Down on the seriously f*cked up side of the spectrum you have something known as “trauma bonding” (also true on the healthy-ish side of the spectrum when things around you are bad, but it’s not the person themselves causing it). This is one of the reasons why abusive relationships are so hard to leave. The bonds and connections forged during trauma? Are unlike virtually any other kind of bond/connection. It’s relatively easy for most people to understand how those bonds can form in long term abusive relationships (domestic violence, prisoner/captor, abusive parent, etc.), but that they can snap into place in virtually no time whatsoever (Stockholm syndrome, as an example) tends to make most people boggle.

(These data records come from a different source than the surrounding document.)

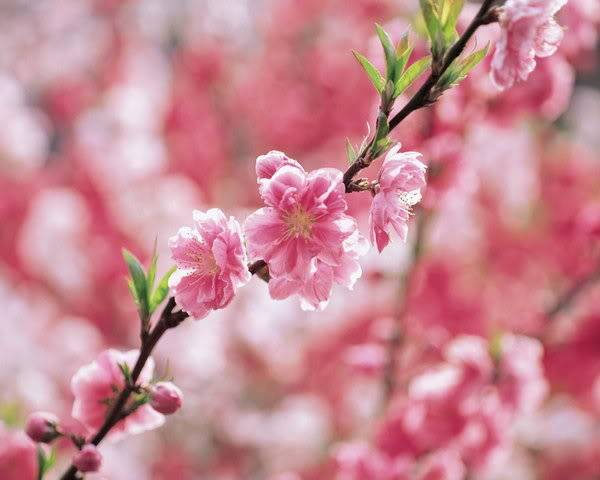 Hoa đào ( Peach flowers ) 49988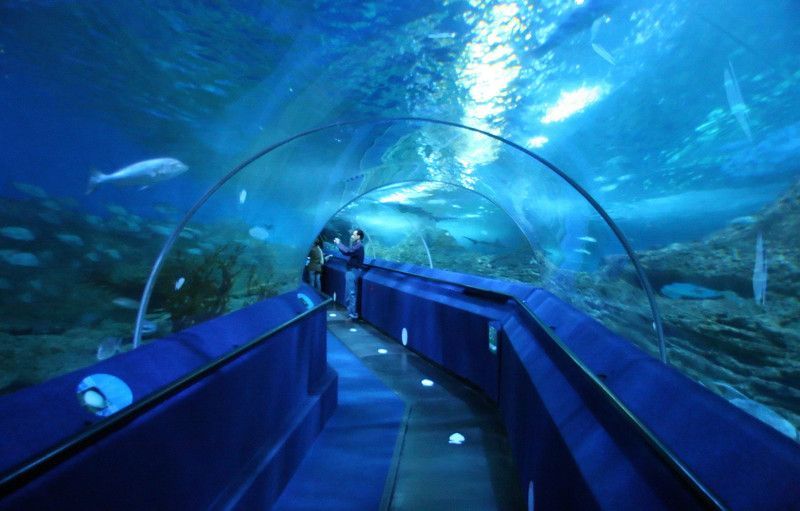 perth aquarium of western australia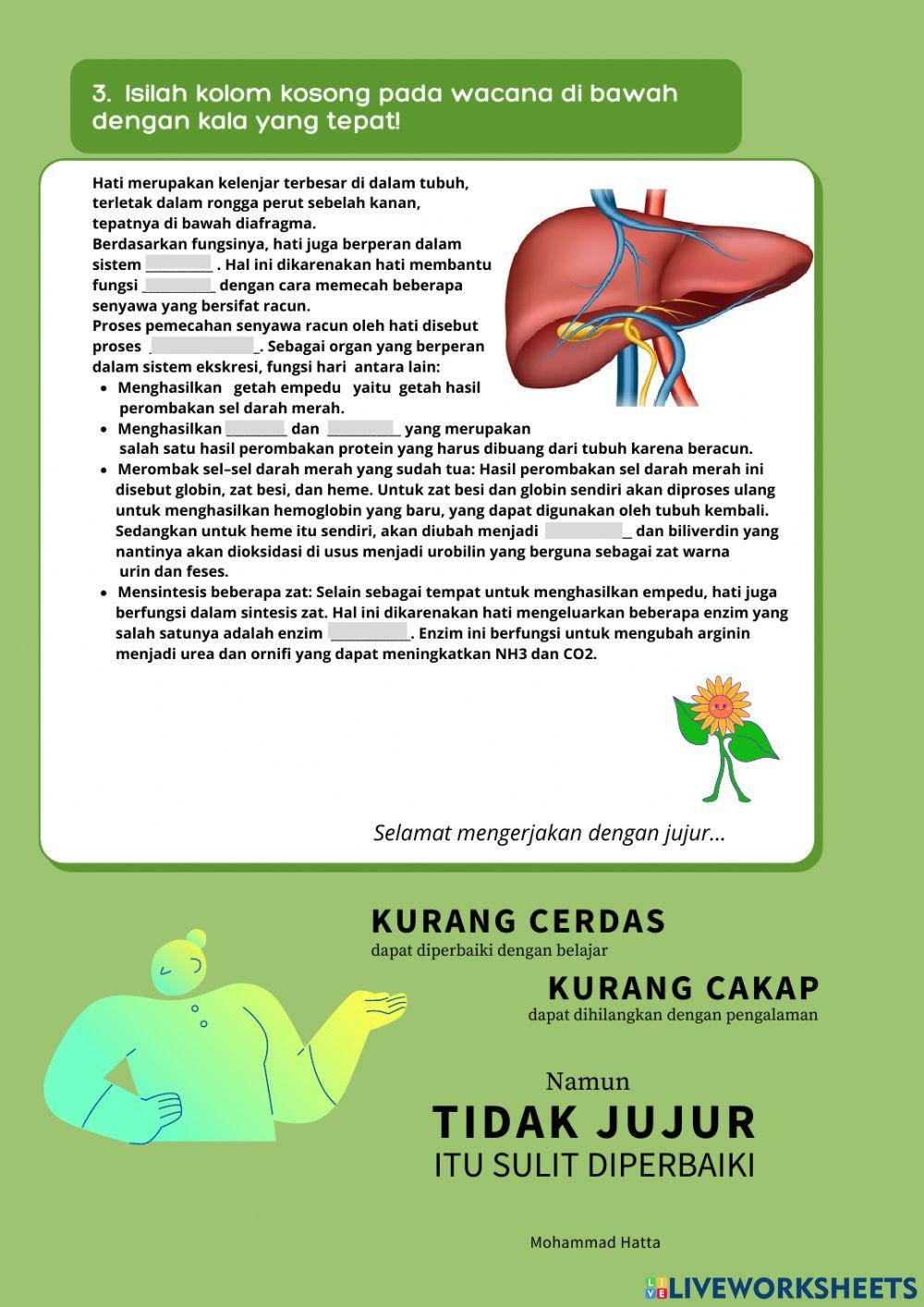 LKPD Sistem Eksresi Manusia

The “ish” in healthy-ish? Is in 2 parts. Firstly, the spectrum of relationships forged in -or deeply affected by- trauma? Is more of a ring or loop than bell curve. Secondly, people bond to other people in trauma regardless of the source of it. The person themselves or the situation they’re in. Just because the trauma isn’t caused by the person themselves (like in DV) but by the situation (like combat or an earthquake) doesn’t mean that person is a good-healthy- wanted person in your life. They can be someone you DESPISE, but still feel a deep connection to. Or it can be one sided, like the classic Florence Nightengale phenomenon, where patients fall in love with the person who’s saved their life... even though the doc/nurse/rescue worker/cop/etc. doesn’t share or return those feelings.

***
So, yeah. It not only makes sense that you feel a deep connection with your ex... but it’s also a very normal kind of response. Doesn’t mean it’s healthy/wanted. Just very very normal. Our hearts & minds do that when our life is under threat, regardless of whether the other person is really deserving of that kind of bond or regard. Or whether we want to be bonded to them.
***

For the people I don’t WANT tied to me? But are? I kinda/sorta group them in my head as “People who were important to me, once.” It recognizes that the bond is still there, whilst also capping it. SOME of the people I went through trauma with are still damn important to me, and probably will be until I die. I have a very short list of people I would be arranging a babysitter as I’m on the way to the airport if they ever called needing me. That level of importantance. Drop -almost- everything, and go. Now. A longer list of people that I would make sure my life is taken care of before heading to the airport (kids sorted, job to return to, bills paid, etc.)... I wouldn’t drop everything to be there, but I would still move heaven and earth to be. And then the list of “People who were important to me once.” I won’t come if they call. I won’t change my life for them. I may WANT to, but I actively choose not to.